A discussion of the theories of society of Plato and Aristotle actually has two components, analysis of how they thought real societies actually operated and how they thought an ideal society should operate. In both cases, they take as a starting point the societies of classical Greece; neither were particularly interested in the societies of "barbarians" (the Greek term for foreigners).
Aristotle divided societies into democracies, oligarchies, and monarchies (either led by hereditary kings or tyrants). He generally accepted social stratification as inevitable, believing that women were naturally inferior and that many people (especially those who were not ethnic Greeks) were "natural slaves". He saw the arts as educating and regulating the emotions and thus having an important role in civic society. His social ideals were just, moderate, and rational. His focus was on maximizing "eudaimonia" (happiness as opposed to momentary pleasure).

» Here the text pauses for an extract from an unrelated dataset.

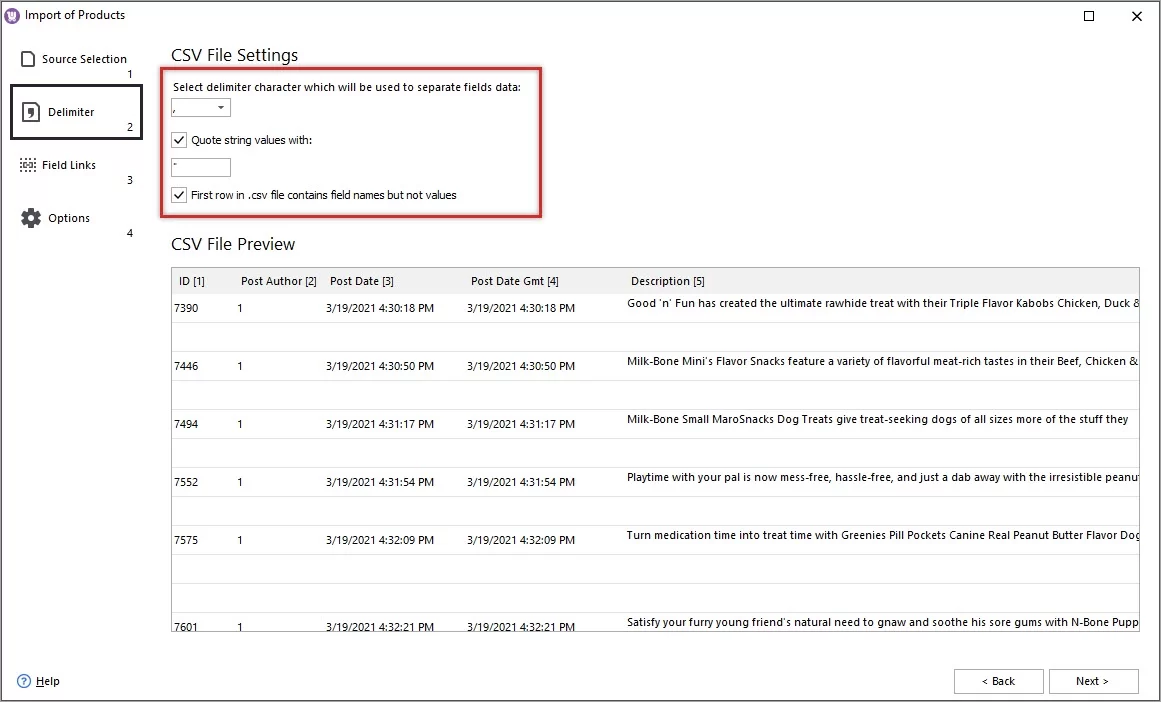 Autoimport File Delimiters in WooCommerce Manager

Plato was more of an idealist than Aristotle, less concerned with how societies are than how they should be. His main concern was that a society ought to create circumstances which allowed each individual soul to strive towards the divine. He saw education as extremely important. Because of his emphasis on the soul rather than on external circumstances, Plato believed in gender equality; for him, a noble soul might appear in the body of a woman or slave or barbarian, and so his school, the Academy, as well as his ideal society, judged people based entirely on their merits of character and intellect. He generally disapproved of the arts. He disliked democracy because he felt that it selected people for positions on grounds which had nothing to do with ability.